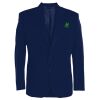 CS Blazer - Tall Thumbnail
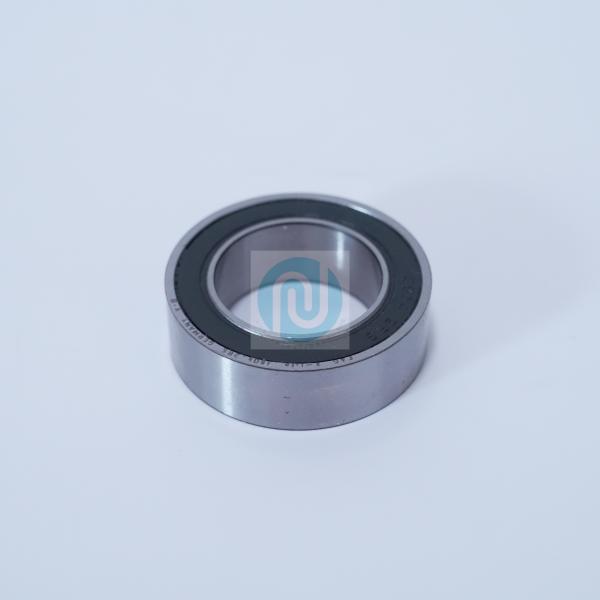 GT5250 Cutter Machine Parts 153500525 Bearing Ina 3804.2rs Y-Idler/P
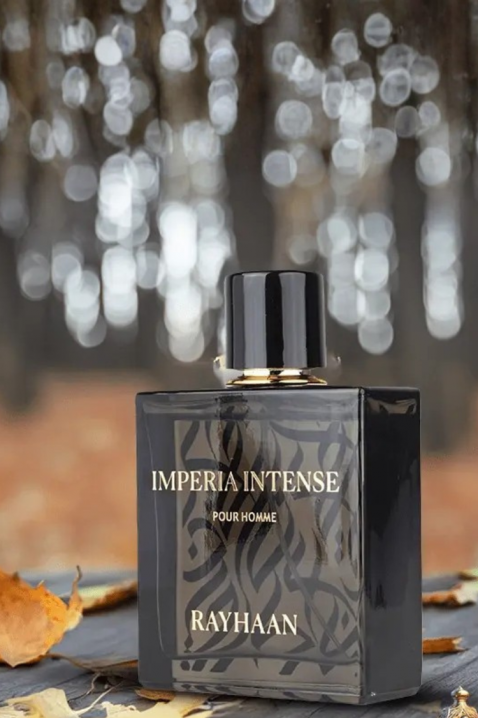 Arabski perfum Rayhaan Imperia EDP 100 mlIVET.PL - Modna odzież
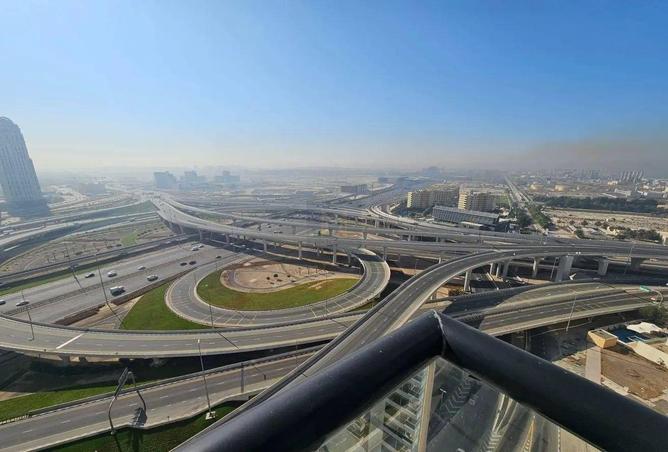 15742464 - الصورة الرئيسية للعقار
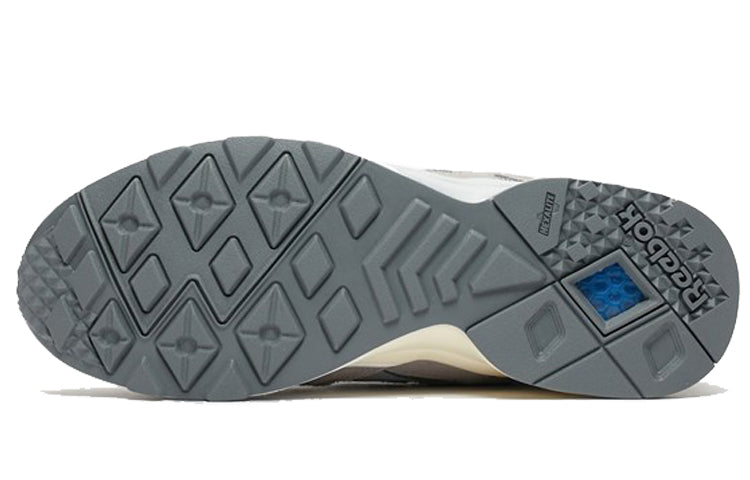 Reebok Packer x Aztrek 'Greyscale' DV9835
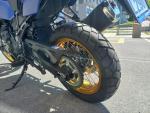 Klikněte pro detailní foto č. 11 - Suzuki V-Strom 800 DE #záruka
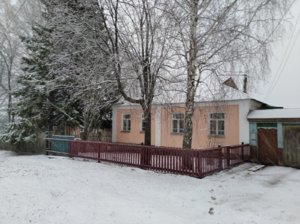 IMG_20200411_172722.jpg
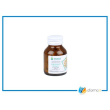 solidago bio 60 capsule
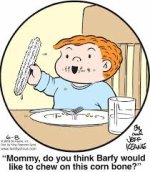 image.jpeg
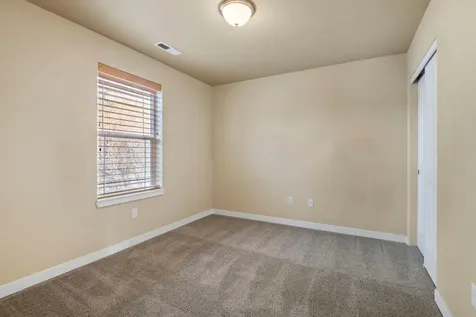 21274 Beall Drive Bend OR 97701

================================

• **WORK TO BE COMPLETED**:
Omit the pictures and please write out exactly the lines between the one containing "IMG_20200411_172722.jpg" and the last line of the entries, both included.

• **SOLUTION BELOW**:
 IMG_20200411_172722.jpg
 solidago bio 60 capsule
 image.jpeg
 21274 Beall Drive Bend OR 97701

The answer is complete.